Problem =
Reproduce, exactly and in full, the lines from the one with "Anillo solitario con" through the one with "Protestas. Un grupo" in the data below; drop pictures.

Data records =
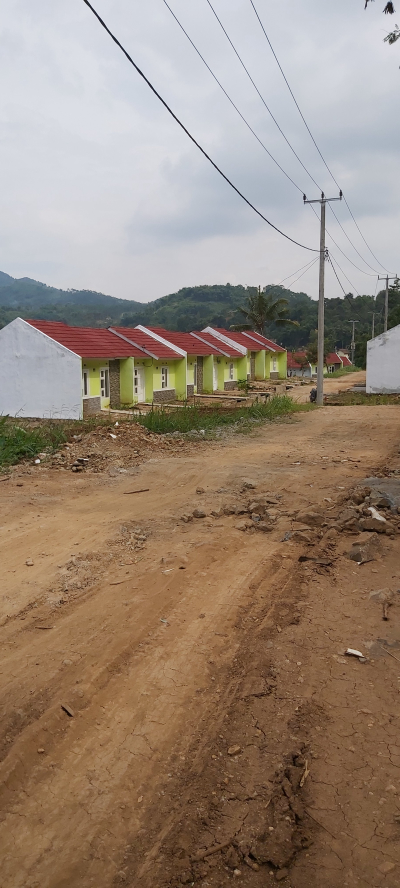 foto posisi tengah perumahan Bukit Arjasari Indah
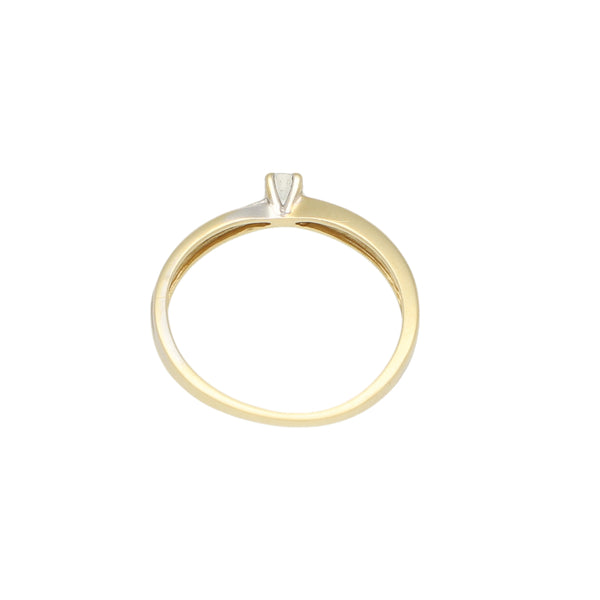 Anillo solitario con diamante en oro amarillo 14 kilates.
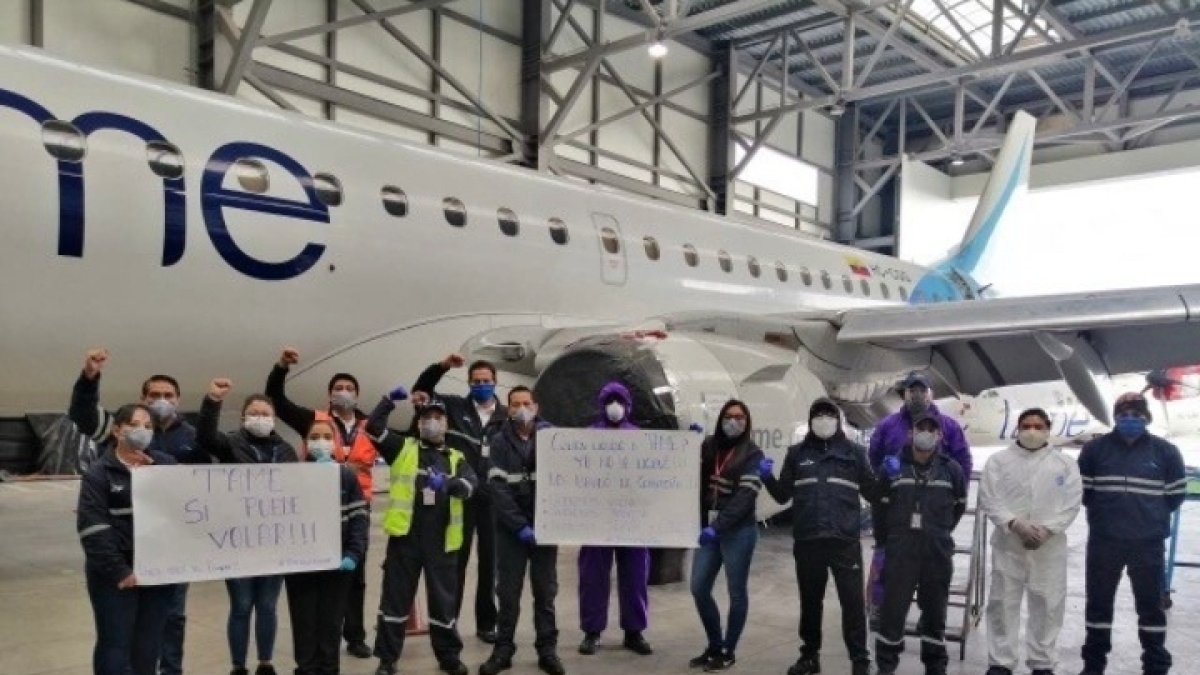 Protestas. Un grupo de trabajadores reclaman el pago de sus salarios como empleados de Tame, al empresa con capital nacionales que se declaró en liquidación en septiembre.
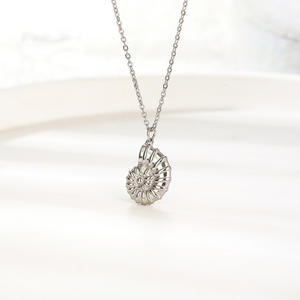 Insシンプルモリチタンスチール18Kゴールドコンチタンネックレスコールドスタイルショートクラビクルチェーン女性用小型スクリューペンダント - Product Image 4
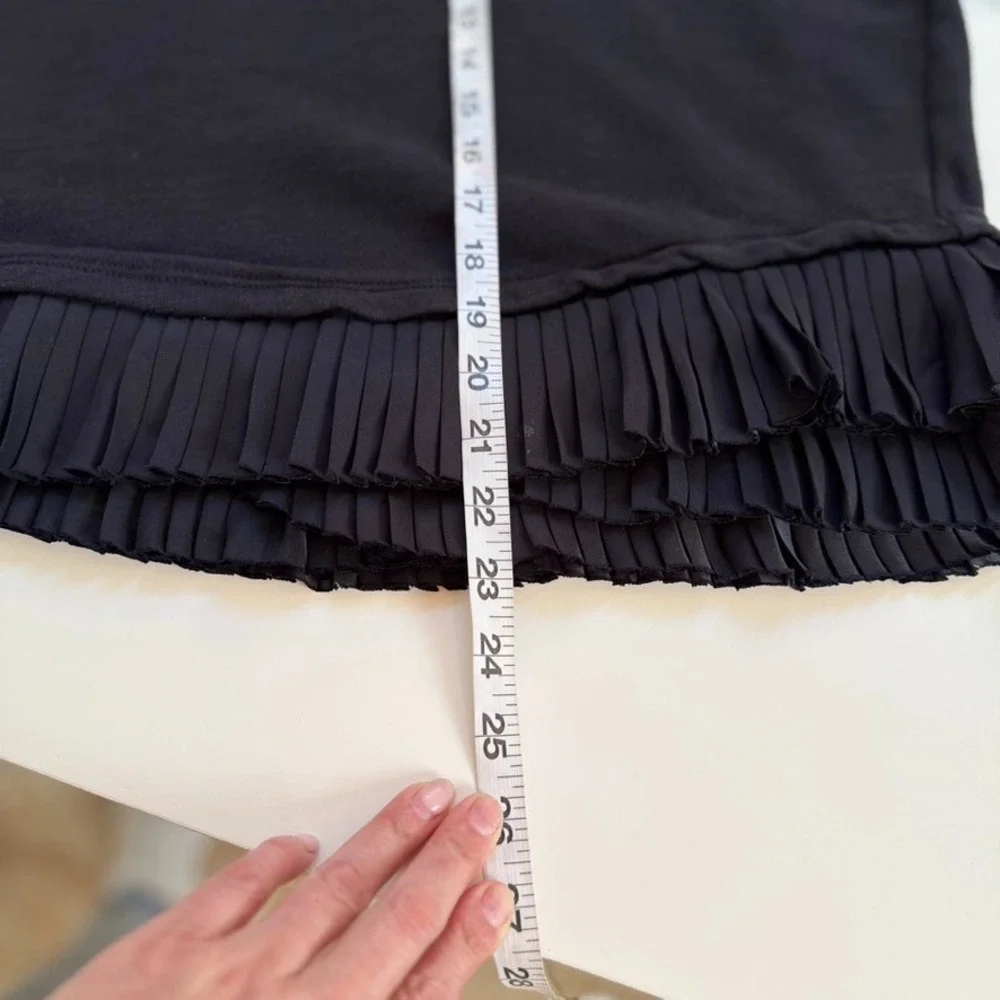 J.Crew Black‎ Pleated Hem Long Sleeve Top Sweatshirt Women's Size M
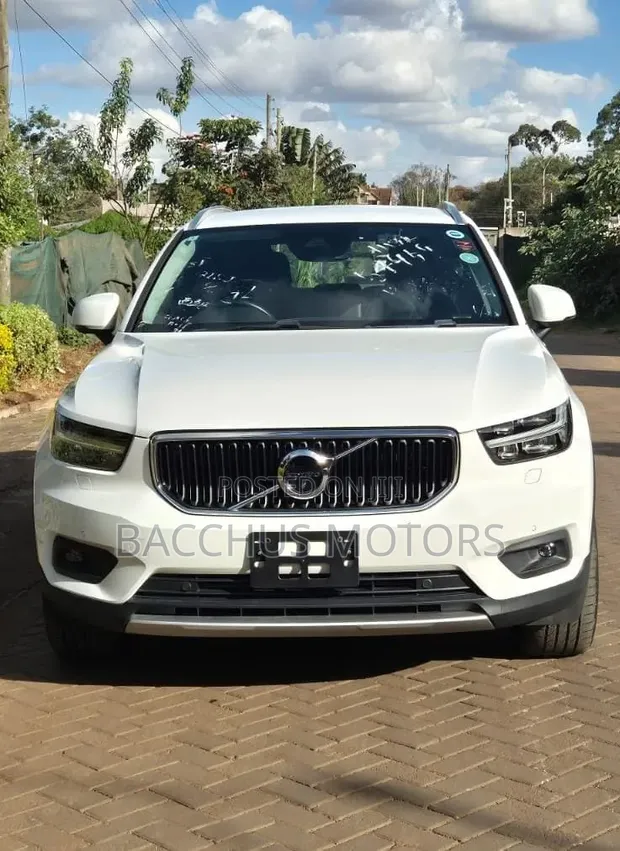 Volvo XC40 T5 Petrol AWD 2020 - 1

Answer space =
 Anillo solitario con diamante en oro amarillo 14 kilates.
 Protestas. Un grupo de trabajadores reclaman el pago de sus salarios como empleados de Tame, al empresa con capital nacionales que se declaró en liquidación en septiembre.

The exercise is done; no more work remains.